While there is no reason to believe that there is anything particularly nefarious in the unrecovered emails, the scolding raises an important question: Is there any good-faith defense of a top-ranking public official operating an email server that makes it possible to destroy public records and avoid oversight?

That’s the question Democrats, who find themselves in the uncomfortable position of trying to acknowledge and move past a near-criminal practice that kept the public in the dark and avoiding public records laws and regulations.

It’s easy to over-contextualize the email scandal by either suggesting that it has been politicized (it has, Clinton is a politician) or that Clinton is the only not-racist major party candidate (she certainly seems to be). But the email scandal is about how Clinton used the technologies she was given. And she used them to eliminate rather than for transparency. The State Department Inspector General’s office report on Clinton’s private server found that Clinton didn’t ask for permission to set up her own private email system and that if she had asked for permission it would have been denied. Clinton herself has referred to the use of a private server as not the best choice, but she’s trying to move on without a full blown mea culpa despite the obvious and significant culpa.

The important thing to remember here is that the Clinton email scandal isn’t simply important because Hilary Clinton will likely be the next President of the United States. It’s significant because she might not be.

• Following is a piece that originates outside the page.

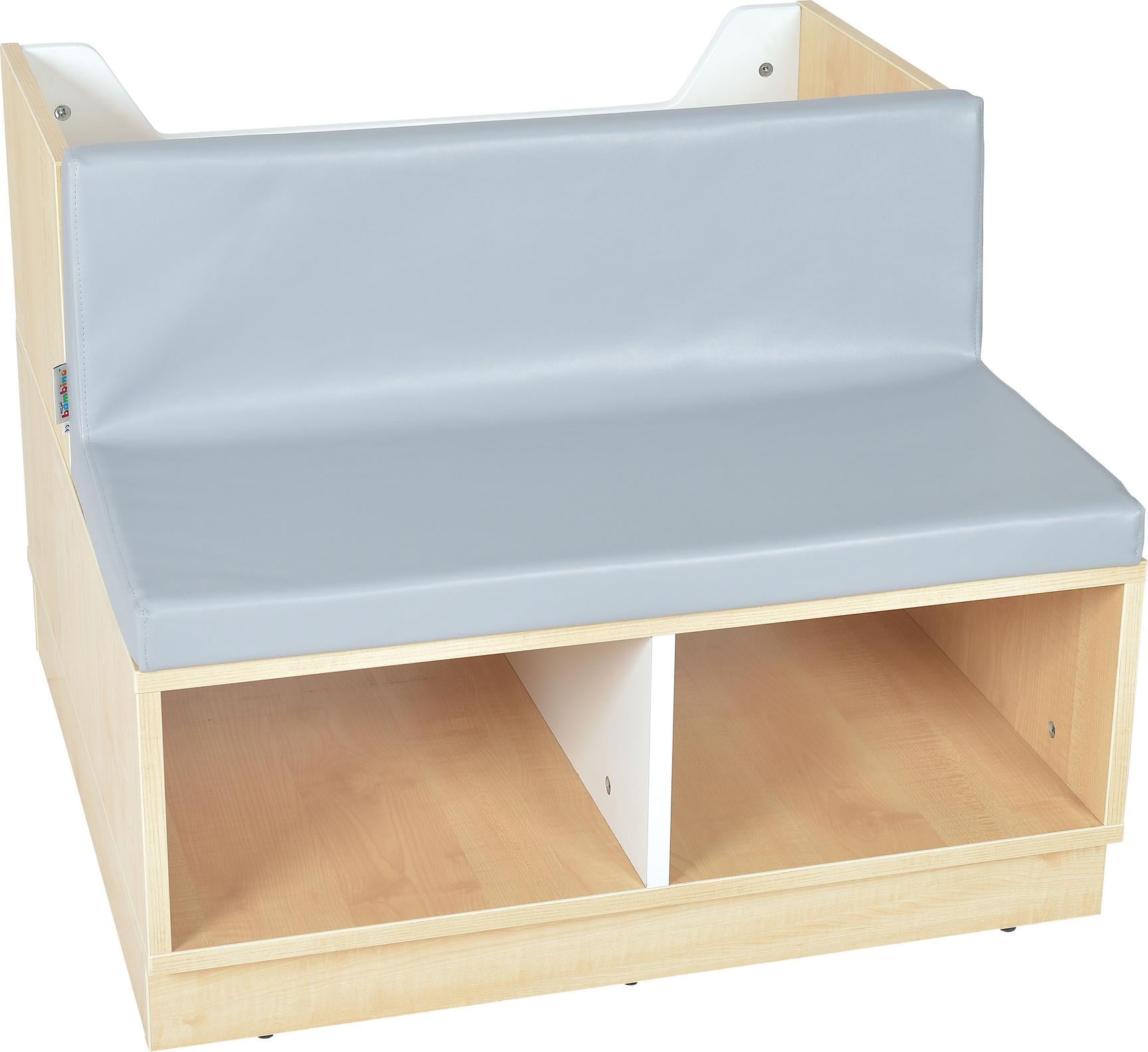 Quadro Bücherbank für Leseecke, bequem und praktisch. - Produkt wird im Kindergarten oder Schule genutzt.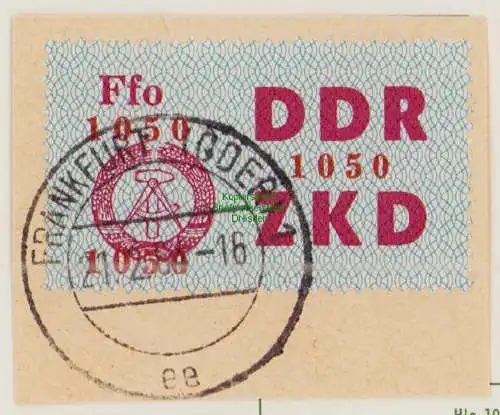 B19104  DDR ZKD Laufkontrollzettel C 20 Ffo 1050 Frankfurt Oder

In the event that Donald Trump wins the general election, he will of course get to pick a cabinet comprised of top advisors. The Hill floated a few possibilities of who might fill those seats, and it is a group that nobody should want operating with the potential for zero transparency. Maybe Ben Carson will be Secretary of Health and Human Services. Maybe Sarah Palin will be Energy Secretary. Maybe Chris Christie will be the Attorney General and Sheriff Joe Arpaio will head up the Department of Homeland Security.

To acknowledge the obvious, if Donald Trump becomes president, the country will be in unchartered territory. Many commentators on both sides of the aisle have voiced concern about the developer’s lack of restraint and disinterest in following rules. Trump has demonstrated a belief that ends justify means. And that’s concerning especially in light of Hilary Clinton getting off light on the email scandal. If public officials can use server systems to make public documents effectively private, accountability becomes a collective fiction.

One doesn’t have to imagine how Democrats would react in the event that a large trove of emails went missing. In a largely forgotten episode from 2007, a House investigation found that 88 White House officials, including Karl Rove, were given email addresses belonging to the Republican National Committee. The RNC then “oversaw extensive destruction” of the emails.

“This Administration’s penchant for secrecy and disdain for oversight seems to know no bounds,” Sen Patrick Leahy said at the time. It is troubling that so many senior White House officials, including Karl Rove and his former deputy Sara Taylor, were engaging in an effort to avoid oversight and accountability by ignoring the laws meant to “ensure a public record of official government business.”

To bring up this episode is not to offer an equivalency. In Clinton’s case, the FBI didn’t find that any of her emails were deliberately destroyed, a crucial difference. The issue is that excessive secrecy creates doubts among the public about the integrity of public servants.

Technology is hard to understand in a political context. Politics are about promises kept and ignored. Politics are about intention. Politics are, to put it another way, intensely human in the way that servers are not. But servers matter. They matter in the same way that the White House matters. The government is only as effective as the structures in which it operates and many of those structures are digital in nature. What’s important to understand about what Clinton did is just how antithetical it was to the healthy relations of the government to the governed.